That paragraph is incomplete and unclear indeed.
Let's crack the difference with a concrete example: logistic regression.
The objective we want to minimize is:
$J_{train}(\theta)=\frac{1}{2m}\sum_{i=1}^{m}(h_{\theta}(x^{i})-y^{i})^{2}$
Notice how this loss formulation requires us to iterate trough all our data to sum the squared errors. Gradient descent does precisely that:
$\theta_{j} := \theta_{j} - \alpha\frac{1}{m}\sum_{i=1}^{m}(h_{\theta}(x^{i})-y^{i})x^{i}_{j}$
Also here, to compute a single descent step we are iterating through to all our data, while keep summing the gradients. This is why normal gradient descent is so memory inefficient.

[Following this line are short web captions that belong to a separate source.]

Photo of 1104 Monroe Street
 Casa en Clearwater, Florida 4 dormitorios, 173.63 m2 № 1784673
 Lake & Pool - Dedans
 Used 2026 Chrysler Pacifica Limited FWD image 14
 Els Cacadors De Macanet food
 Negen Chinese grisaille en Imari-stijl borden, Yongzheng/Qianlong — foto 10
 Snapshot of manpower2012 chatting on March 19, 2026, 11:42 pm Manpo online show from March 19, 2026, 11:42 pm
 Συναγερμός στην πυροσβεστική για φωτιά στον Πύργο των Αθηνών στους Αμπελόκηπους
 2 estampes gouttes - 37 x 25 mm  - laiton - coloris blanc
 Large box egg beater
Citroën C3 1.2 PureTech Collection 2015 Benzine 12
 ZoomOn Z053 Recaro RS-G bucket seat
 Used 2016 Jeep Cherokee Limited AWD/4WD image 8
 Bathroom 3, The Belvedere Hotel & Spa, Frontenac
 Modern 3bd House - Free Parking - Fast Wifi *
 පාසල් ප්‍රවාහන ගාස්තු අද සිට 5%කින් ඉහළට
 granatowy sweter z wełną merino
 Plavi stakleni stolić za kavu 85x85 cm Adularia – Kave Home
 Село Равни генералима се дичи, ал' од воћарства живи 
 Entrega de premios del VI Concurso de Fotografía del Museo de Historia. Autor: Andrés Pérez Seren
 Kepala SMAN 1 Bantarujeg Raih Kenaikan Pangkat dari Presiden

One work around to this problem is to redefine our initial loss $J$ in order to allow us to perform a descent step without having to look at all our data. We usually call this new formulation cost:
$cost(\theta, (x^{i}, y^{i})) = \frac{1}{2}(h_{\theta}(x^{i})-y^{i})^{2}$
This allows us to rewrite also our descent step in a way that doesn't require to look at all our data.
$\theta_{j} := \theta_{j} - \alpha\frac{1}{2}(h_{\theta}(x^{i})-y^{i})x^{i}_{j}$
Since the sum now it's gone it means that we don't need to sum gradients or keep in memory extra stuff, so this is much more efficient. And this is basically Stochastic gradient descent.
Problem is that because we're updating on a fraction of our data at the time, order becomes relevant. If our data are ordered in some strange fashion, we'll risk to introduce biases in our parameters do to biases in the subset we selected to perform the update. And even if other subsets of data would normally account for that, now it's not the case anymore, cause we already performed an update step, and when applying our model to the new subset the parameters are therefore already biased. The only strategy we have to prevent this is precisely randomizing the order of our data.